Posted: November 16, 2005 at 1:00 am, Last Updated: November 30, -0001 at 12:00 am

Emanuel Petricoin
Emanuel Petricoin

George Mason professor Emanuel Petricoin III spoke Monday at a congressional briefing that explored the roles of proteomics, personalized medicine and advanced therapeutic tools in the diagnosis and treatment of women with gynecological and breast cancers.

The event was held at the Rayburn House Office Building on Capitol Hill.

Petricoin, formerly with the U.S. Food and Drug Administration, is codirector of the university’s Center for Applied Proteomics and Molecular Medicine. He is a renowned pioneer in proteomics research – the study of protein activity in cells – an emerging field of medicine that holds the promise of a new paradigm for early disease detection and personalized medical treatment.

Petricoin discussed how proteomic technologies are poised to advance screenings for gynecological cancers and provide a new opportunity for risk stratification and patient-tailored therapy.

“My research focuses on the discovery and development of diagnostic and treatment approaches that directly impact patients who are living with cancer and other diseases,” said Petricoin. “It is an honor to bring these findings before an audience that influences public policy and health care regulation.”

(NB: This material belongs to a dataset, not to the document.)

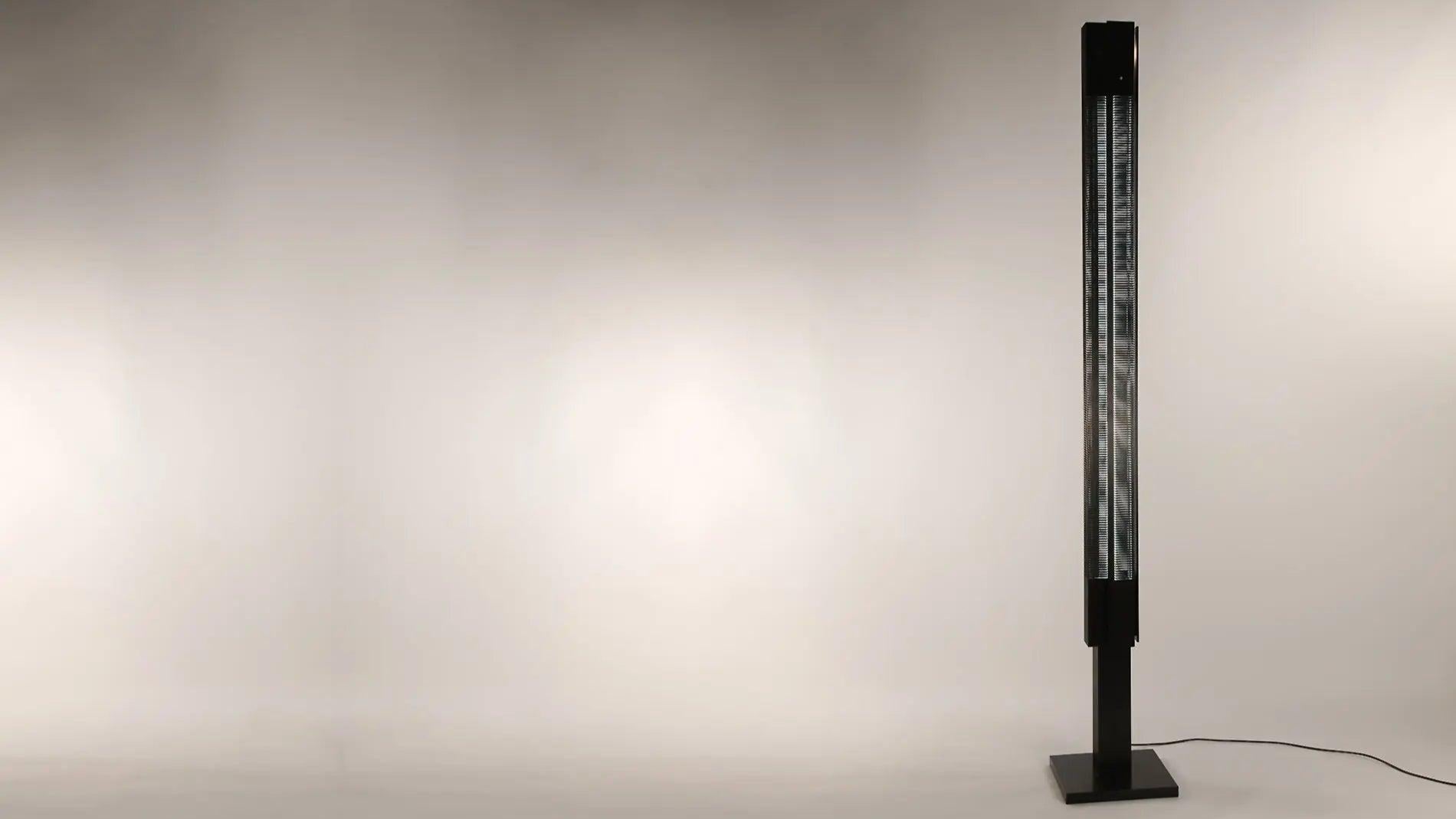 Serge Mouille - Serge Mouille Colonne Lumineuse Signal Stehleuchte | Schwarz - Stehleuchten - Sarto Group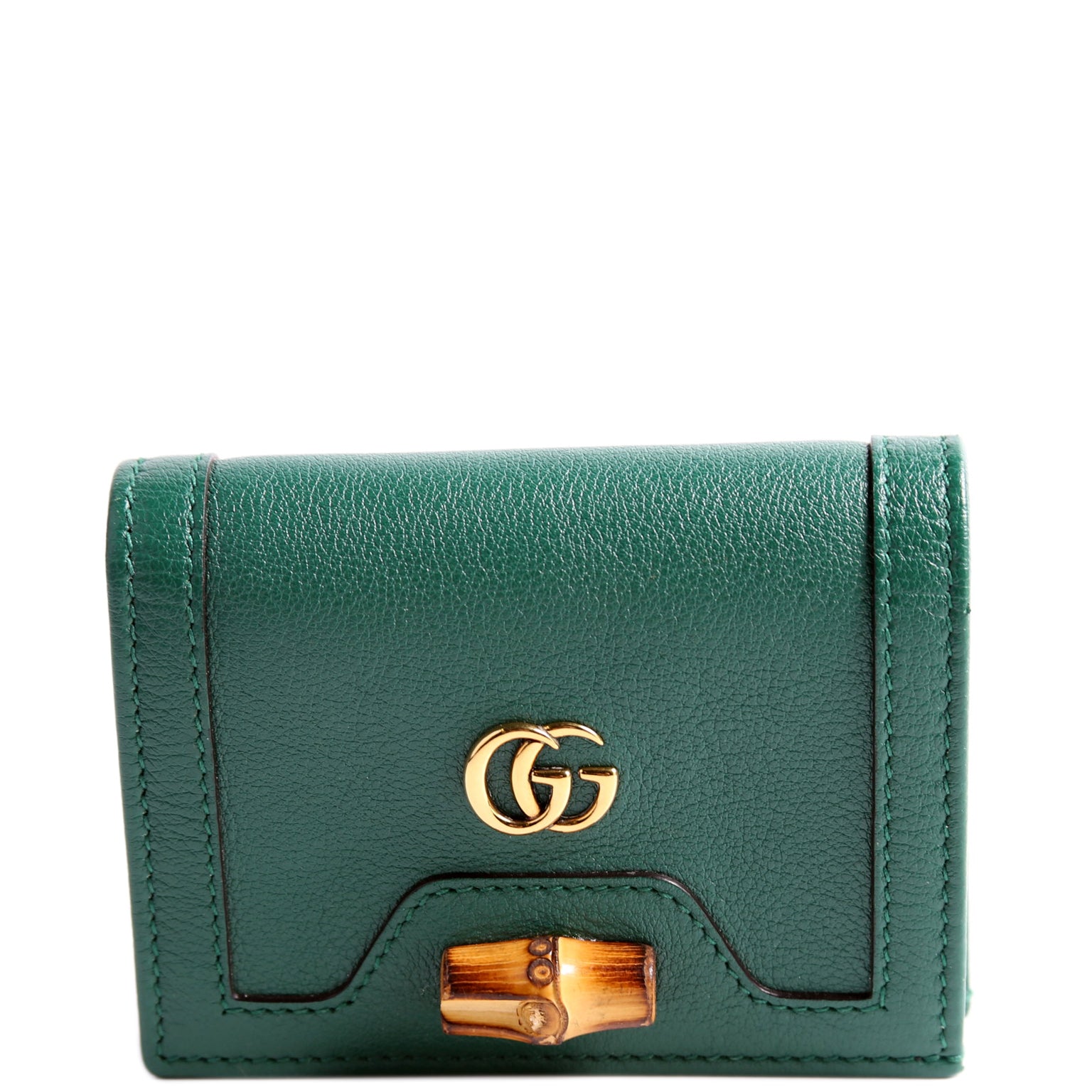 658244 Diana Card Case Wallet Green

The event was sponsored by the Society for Women’s Health Research, the nation’s only nonprofit organization dedicated to the improvement of health for all women through research, education and advocacy; and the Diagnostics Access Coalition, which comprises patient, professional and trade associations that promote the value of advanced diagnostics to patients, the health care delivery system and society.

The program also included Alan Guttmacher, deputy director of the National Human Genome Research Institute, National Institutes of Health; Minetta Liu, assistant professor of medicine and oncology at the Lombardi Comprehensive Cancer Center at Georgetown University Hospital; and a breast cancer survivor who discussed how her disease was diagnosed and treated based on her genetic profile.

“Raising public awareness of new findings and opportunities in women’s health through forums such as this is critically important to advance the education and advocacy of lawmakers, health care providers and consumers,” said Petricoin.